Start of Task input

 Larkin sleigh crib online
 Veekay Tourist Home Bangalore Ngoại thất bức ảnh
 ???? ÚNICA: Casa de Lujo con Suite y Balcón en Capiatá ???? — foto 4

End of Task input
Start of Task input

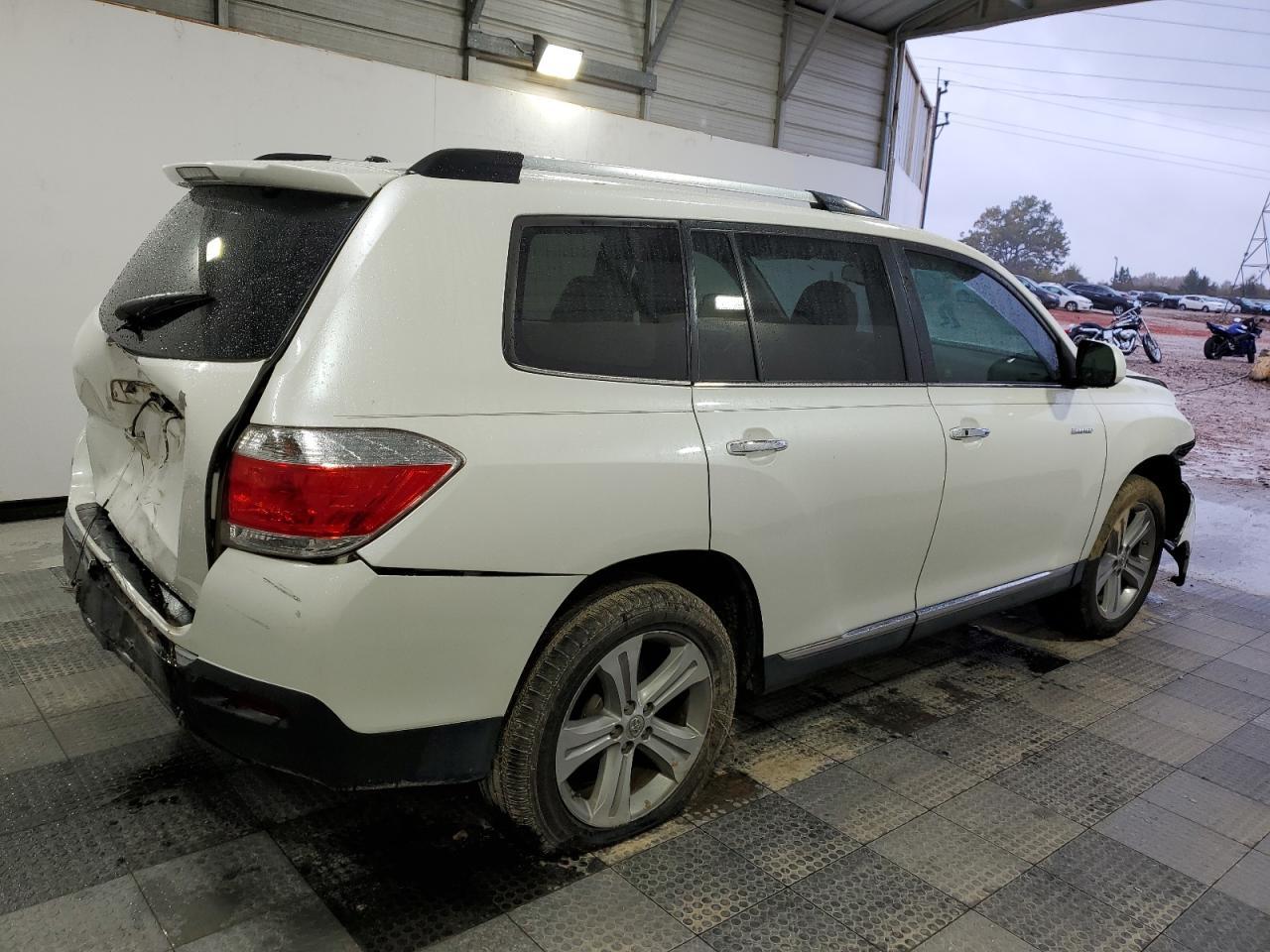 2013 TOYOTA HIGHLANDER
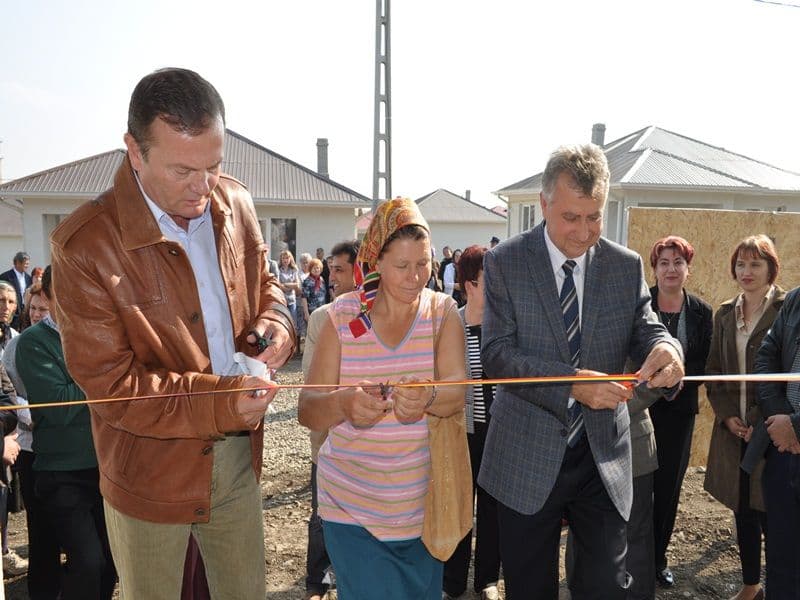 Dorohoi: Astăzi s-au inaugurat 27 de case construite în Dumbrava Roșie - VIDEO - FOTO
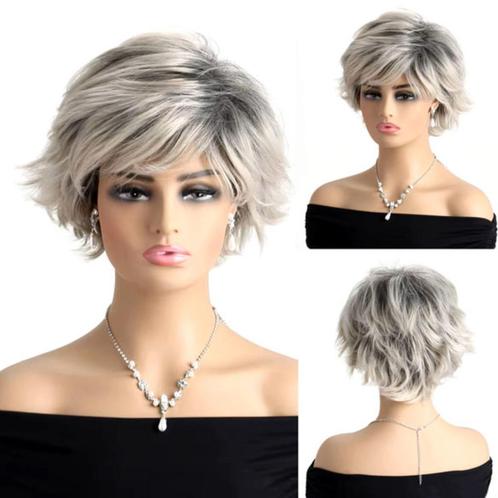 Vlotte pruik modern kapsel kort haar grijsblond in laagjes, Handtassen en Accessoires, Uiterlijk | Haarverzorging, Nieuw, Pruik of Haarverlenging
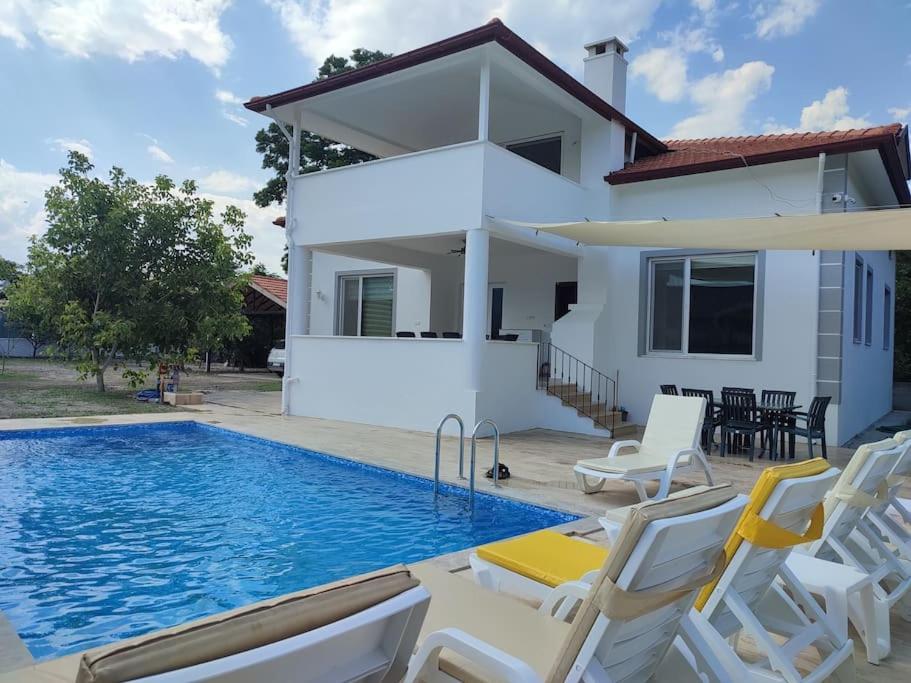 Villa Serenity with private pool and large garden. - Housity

End of Task input
Start of Task input

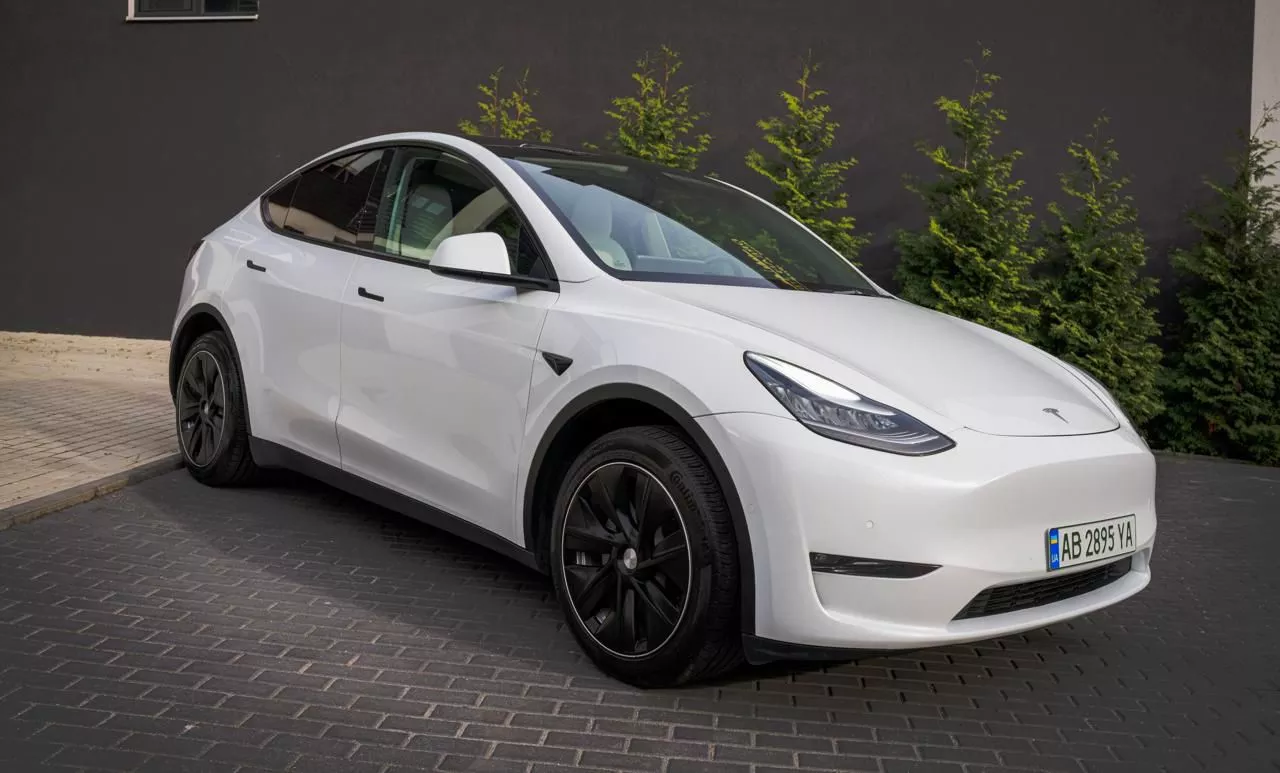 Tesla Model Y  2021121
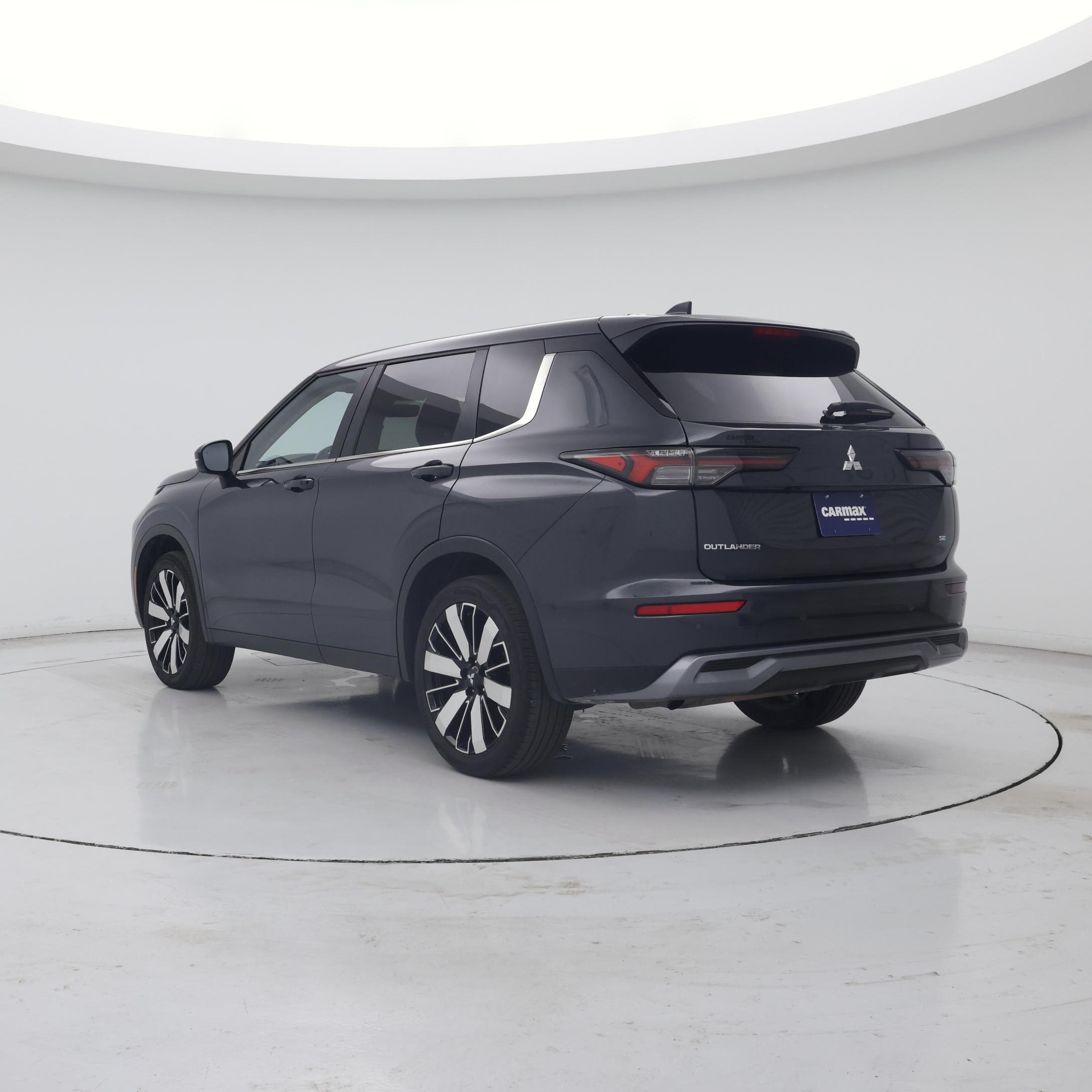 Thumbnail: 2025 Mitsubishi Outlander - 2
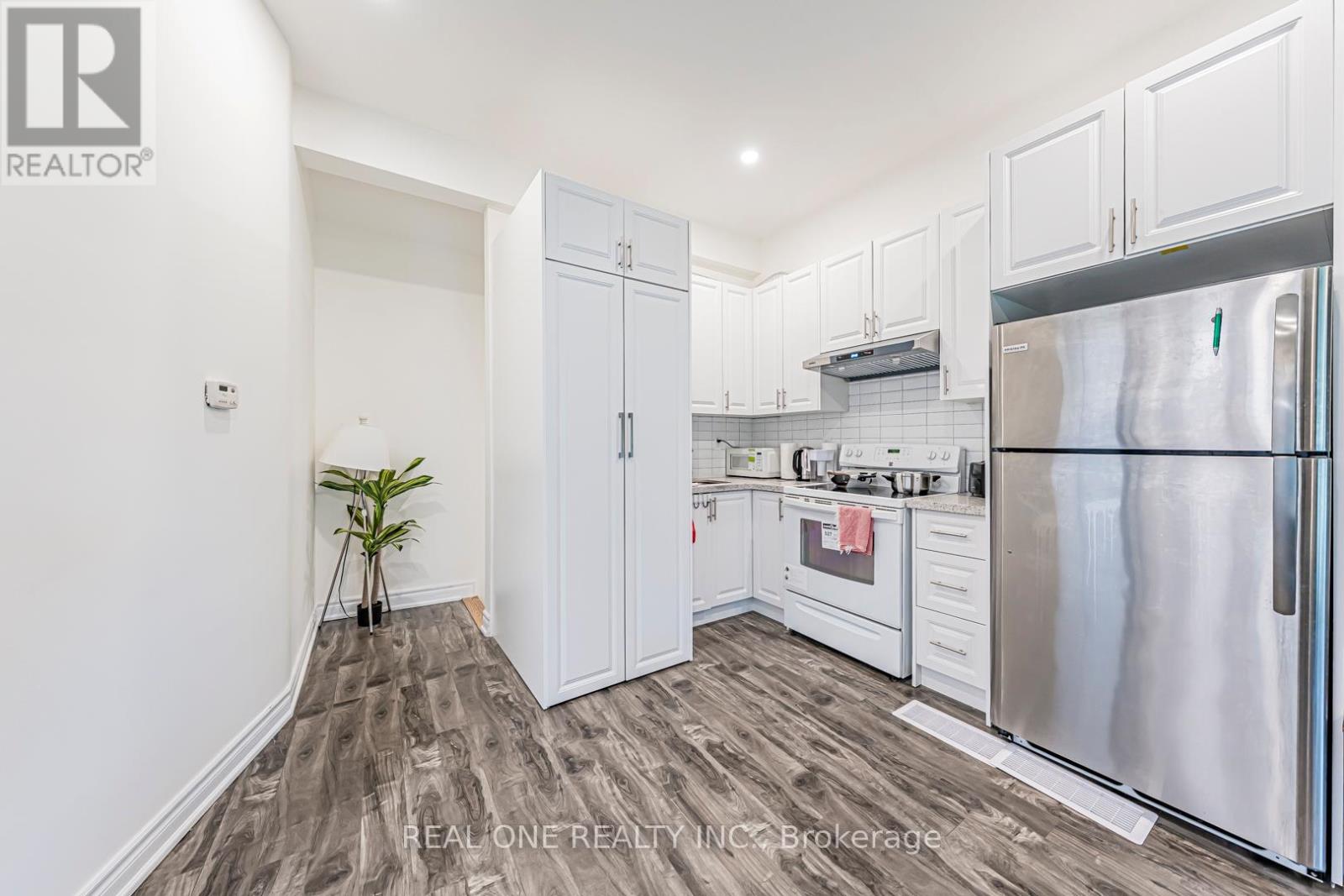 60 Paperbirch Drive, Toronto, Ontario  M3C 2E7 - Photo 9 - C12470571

End of Task input

### [Directions for this task]
All that is wanted is a faithful reproduction of the line above with "Larkin sleigh crib online", the line with "Capiatá ???? — foto 4", and every line in between.

### [Answer to the problem]
 Larkin sleigh crib online
 Veekay Tourist Home Bangalore Ngoại thất bức ảnh
 ???? ÚNICA: Casa de Lujo con Suite y Balcón en Capiatá ???? — foto 4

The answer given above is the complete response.